In definitiva, il controllo della Corte dei Conti esamina i risultati gia’ conseguiti da una gestione al fine di confrontarli con gli obiettivi assegnati dal Parlamento e di valutarli in termini di efficacia, efficienza ed economicita’. L’accertamento dei risultati e’ indispensabile, essendo questi ultimi frutto di attivita’ poste in essere con denaro pubblico prelevato ai cittadini attraverso lo strumento fiscale.
Per quanto riguarda i parametri indicatori del controllo di gestione, la Corte dei Conti non procede arbitrariamente, ma si riferisce a criteri tecnico-scientifici; alla scienza aziendalistica, statistica ed economica e si avvale delle analisi compiute dai Servizi di controllo interno.
L’efficacia e’ uno dei parametri usato piu’ frequentemente dalla C.d.C. nelle proprie valutazioni, poiche’ essa ha il pregio di una maggiore obiettivita’ parametrica.
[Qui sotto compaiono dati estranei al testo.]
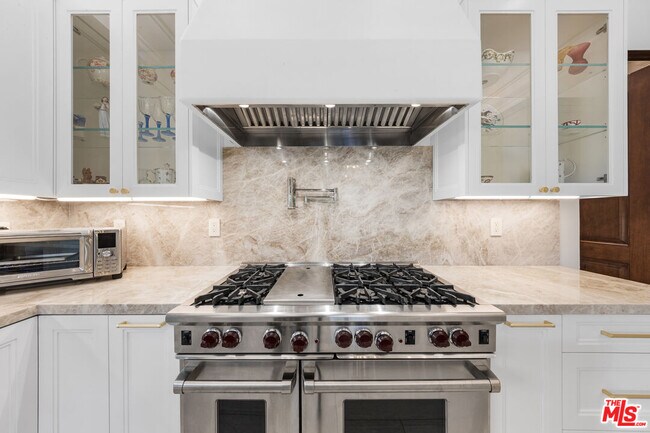 Building Photo - 1148 Centinela Ave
Tale parametro consente analisi anche su gestioni incomplete o segmenti di una gestione, permettendo di formulare valutazioni negative ed incisivi referti di fronte ai frequenti ritardi dell’amministrazione nella realizzazione di programmi strategici o nella mancata determinazione degli obiettivi.
Il controllo di efficienza (quale raffronto tra mezzi impiegati e risultati conseguiti) presenta, nell’ambito amministrativo, carattere di indeterminatezza, in considerazione delle innumerevoli variabili di tipo burocratico e sociale, difficilmente riducibili a parametro aziendale.
Il concetto dell’economicita’ puo’ avere un significato piu’ generale, afferente ad ogni aspetto di sproporzione tra mezzi impiegati e risultato ottenuto, ed uno piu’ specifico, collegato al costo dei beni e dei servizi, impiegati dall’amministrazione. [B. Nico].